My memory of those previous discussions and is that "why shouldn't this be a crate?" never actually got a meaningful response, and the blog posts I've read about Swift's implementation never mentioned anything that would require this to be a core language feature in Rust, or even benefit from it being a core language feature. I don't know Swift that well but I got the pretty strong impression that it just doesn't have as powerful metaprogramming as Rust does. Even one of the posts you linked to is literally arguing that there's no reason this couldn't be done in a crate.
Someone just needs to actually write a crate for this.
Building it would make it heavily adopted my the machine learning community. Since Swift still uses ARC garbage collection, it's not quite preferable in production, unlike C++.
If Rust would be interested to support this, it's a significant advantage that over the short-term to long-term the deep learning community would be switching over to Rust instead of C++.
Additionally, the benefit of (any) differential support is still far from been explained to people who don't immediately understand said benefit. Not having used it and not having spent the time to actually digest any research papers on it, I still have no idea what "automatic differentiation support for Rust" even means, let alone how it would be beneficial.
(And as far as I do understand, it's basically only useful for machine learning applications, which does not do a good job of arguing that it should be a first class feature in a general programming language that still has an embarrassing backlog of accepted features to flesh out and add/stabilize.)
Something like clad (as explained in the linked papers in the opening of this thread) should be able to be implemented as a crate.
With that settled, the real question is if there's anybody who wants to work on it. I'd be surprised if there were many, given how the previous thread died out. But maybe it's just an issue of organization.
Do we have any good spaces for trying to kickstart collaborative rust projects? I'd wager a guess that people skilled in macros don't have much overlap with people who really grok the auto-differentiation.

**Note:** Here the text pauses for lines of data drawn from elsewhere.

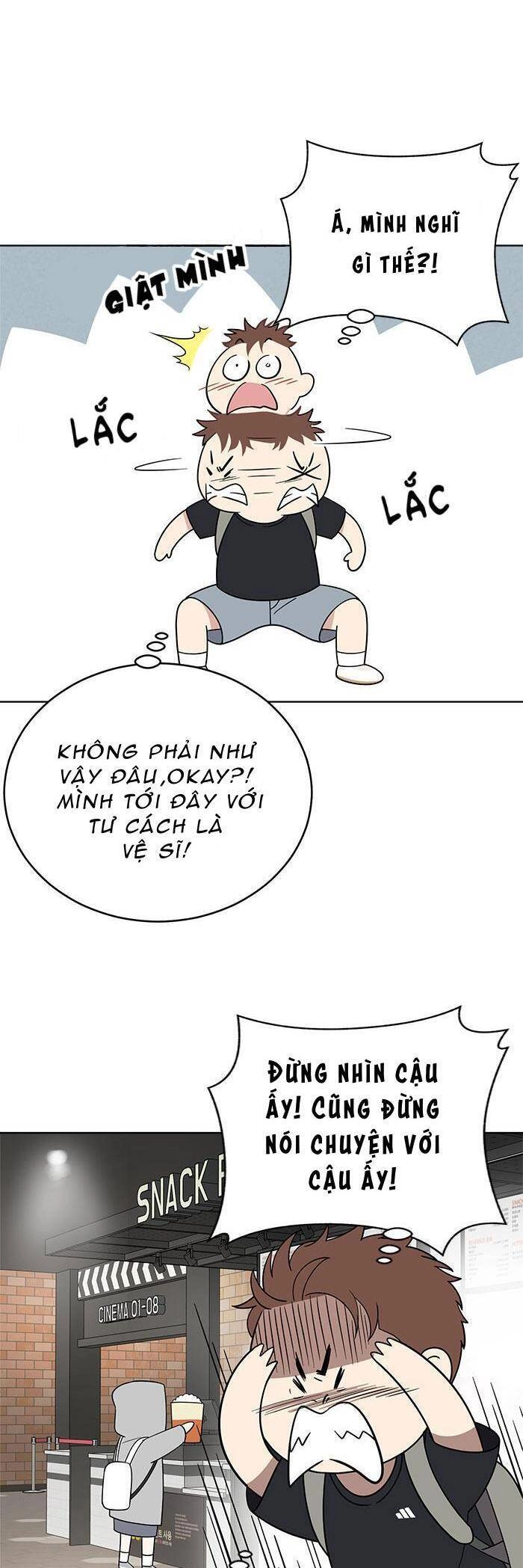 Cô Nàng Hết Thuốc Chữa Chapter 61 - 4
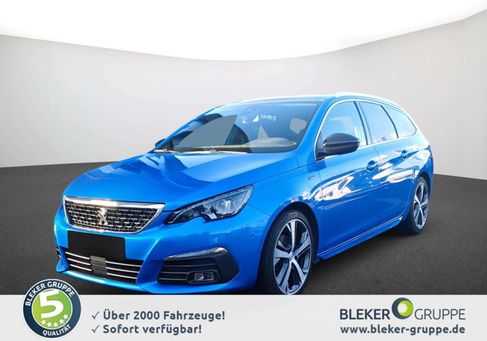 Peugeot 308, 2021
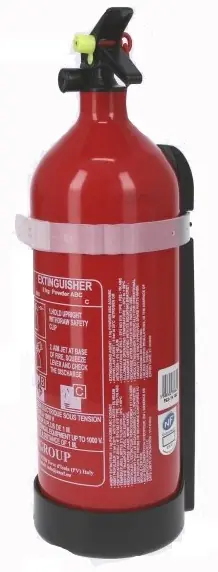 Extincteur 4Water poudre 2Kg Expédition Rapide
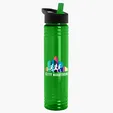 Garyline® Adventure Tritan® Renew Bottle with Flip-Straw Lid, 32 oz. — view 107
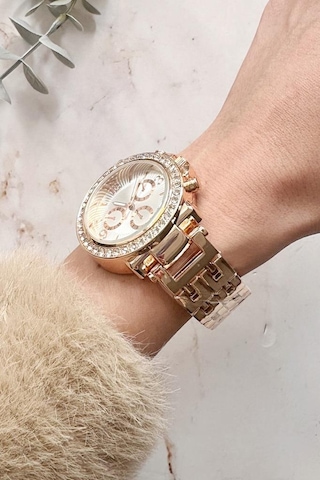 Regulus Rose Kadın Kol Saati Rose Gold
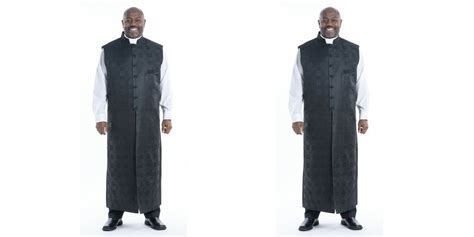 Psychological Reflections on Dreaming About a Clergyman Wearing a Dark Attire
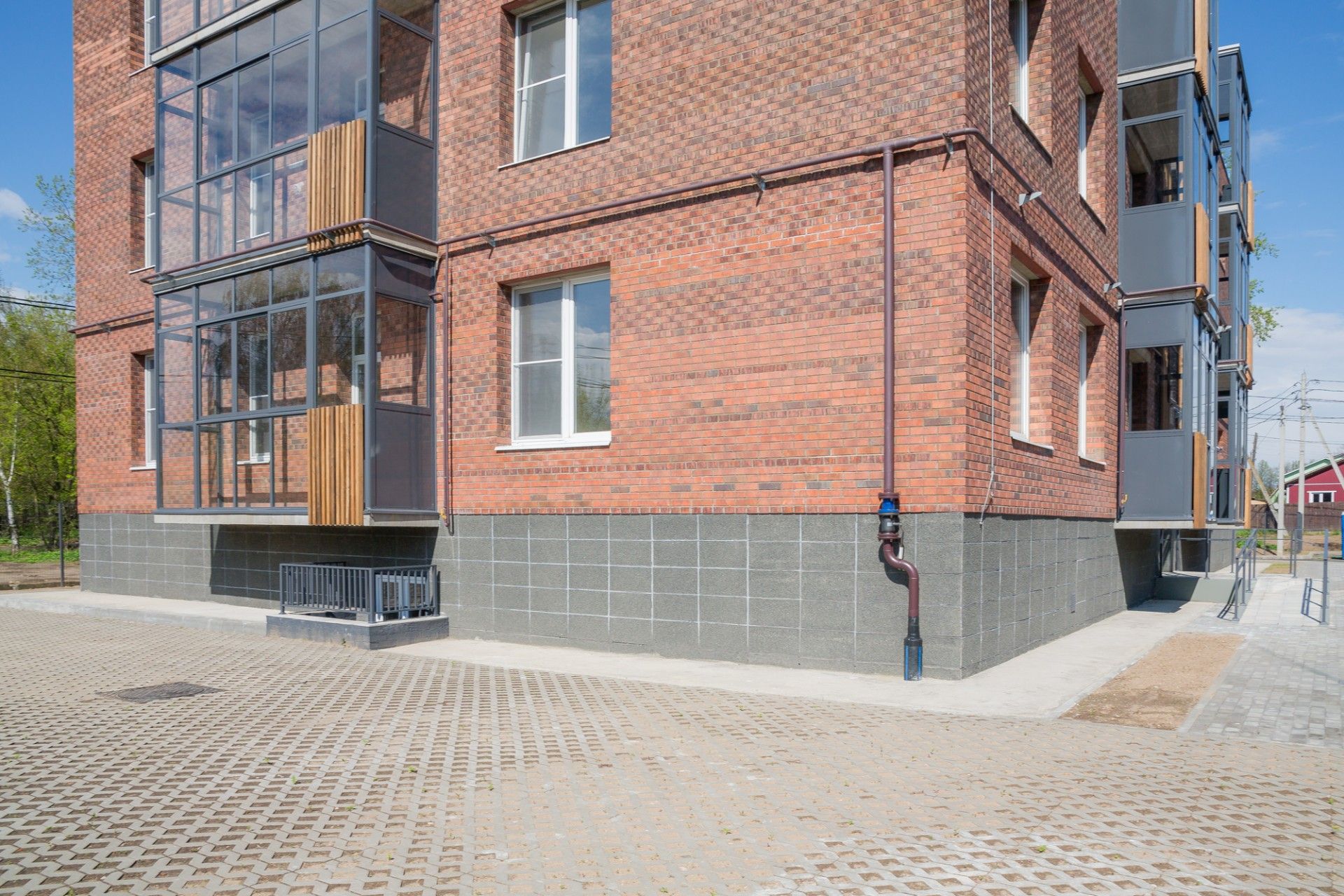 ЖК Авиаторов 15А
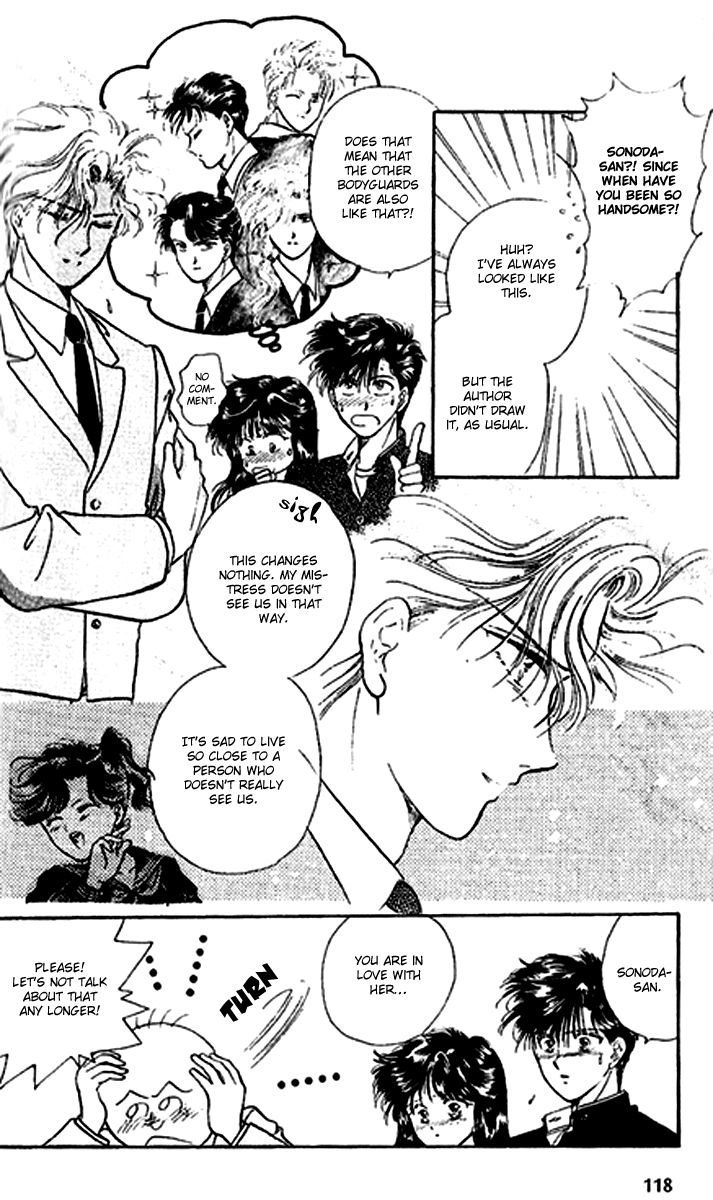 Zoku Shishunki Miman Okotowari Chapter 3 page 21 - 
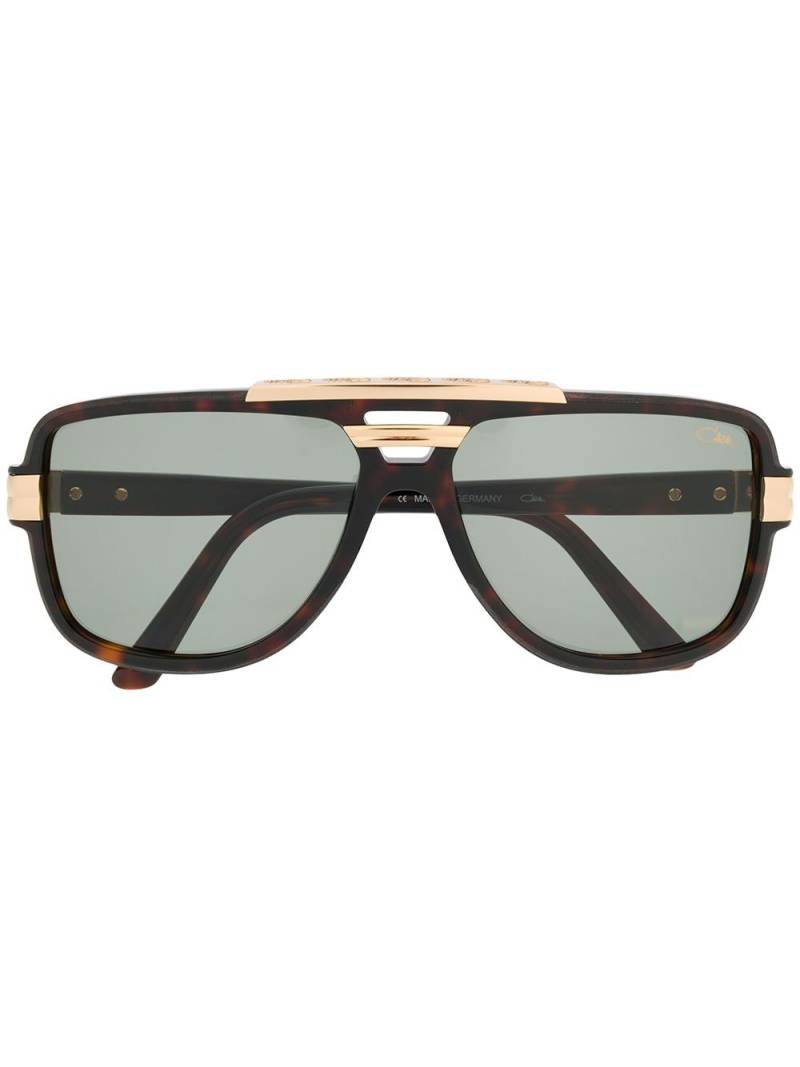 Cazal oversized sunglasses - Brown von Cazal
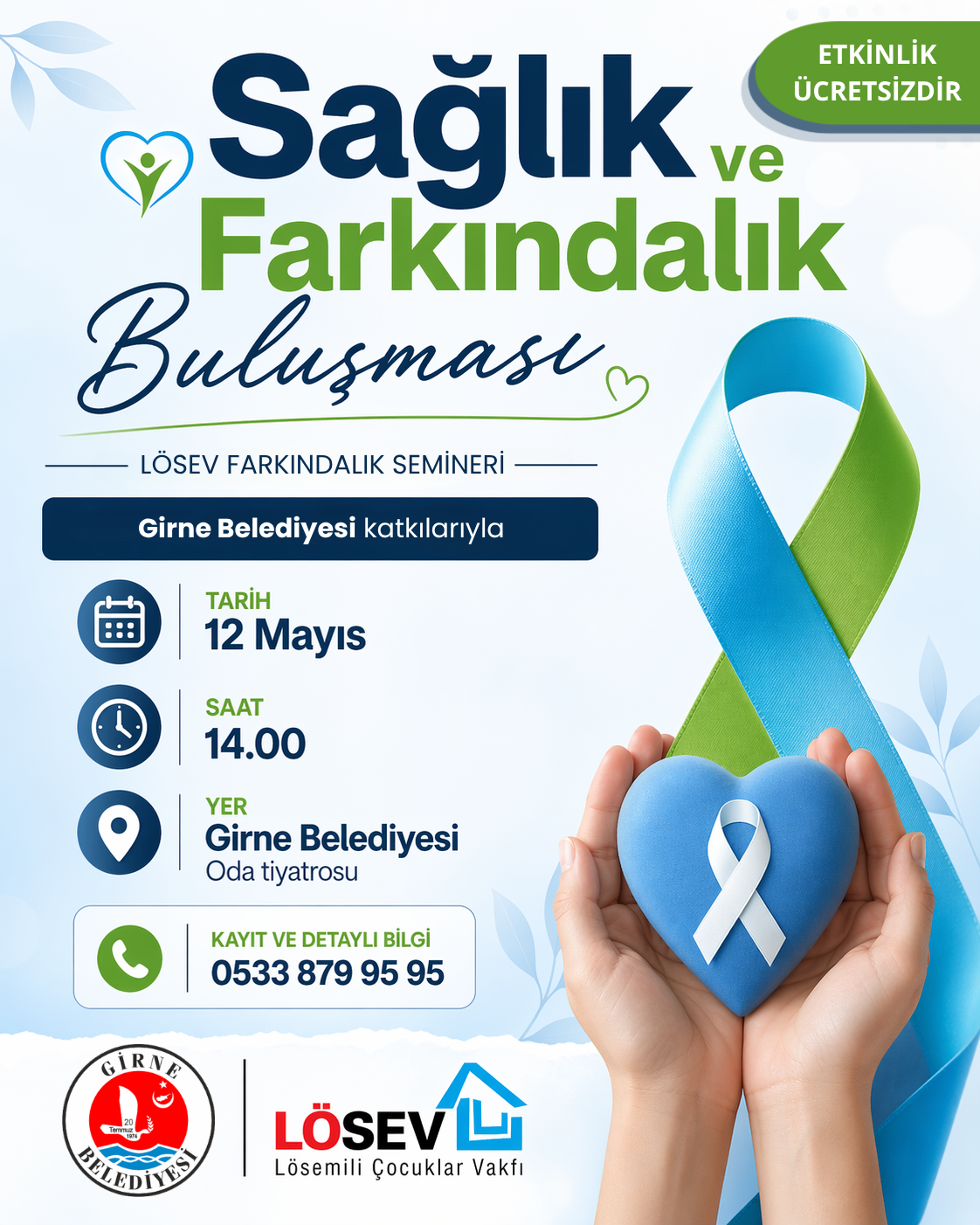 Girne’de Sağlık ve Farkındalık Buluşması düzenleniyor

Allow me to write a full explanation on why this should be done via an internal compiler support instead of a crate. This is from my observation seeing the development of Theano, Pytorch, Tensorflow and the evolution of compiler graph -> source-to-source code transformation.
Give me two days at max. Please don't close the thread.
I think it would extremely helpful to have some kind of working, end-to-end example before writing up a proposal for a compiler change. This could be something very simple - e.g. a macro_rules! definition that only supports a few hardcoded types of functions. However, it should be a runnable example that demonstrates what the expected input and output will look like.
Please do, I'd be very interested to hear why support for AD needs direct language support in Rust rather than using eg a proc macro.
Because as I currently see it, AD requires only local analysis ie if you have the definition of an eligible function, then that is all you need in order to compute its derivative.
Contrast that with eg type checking which in general cannot be done locally because other type definitions generally need to be incorporated into the analysis.
Separate from the implementation details (which relate to whether it could just be a crate) it would be nice to see a proposed API. Knowing what is going to be accomplished would help with understanding the trade-offs. I've implemented a form of automatic differentiation, and there are huge differences between what different people mean by it. In particular, there is a huge difference between computing the derivative work respect to a few scalar variables versus the gradient with respect to a few huge arrays.
Edit: versus, I might add the challenge of finding and storing the derivative of a huge vector with respect to another huge vector, which isn't feasible simply because of memory limitations.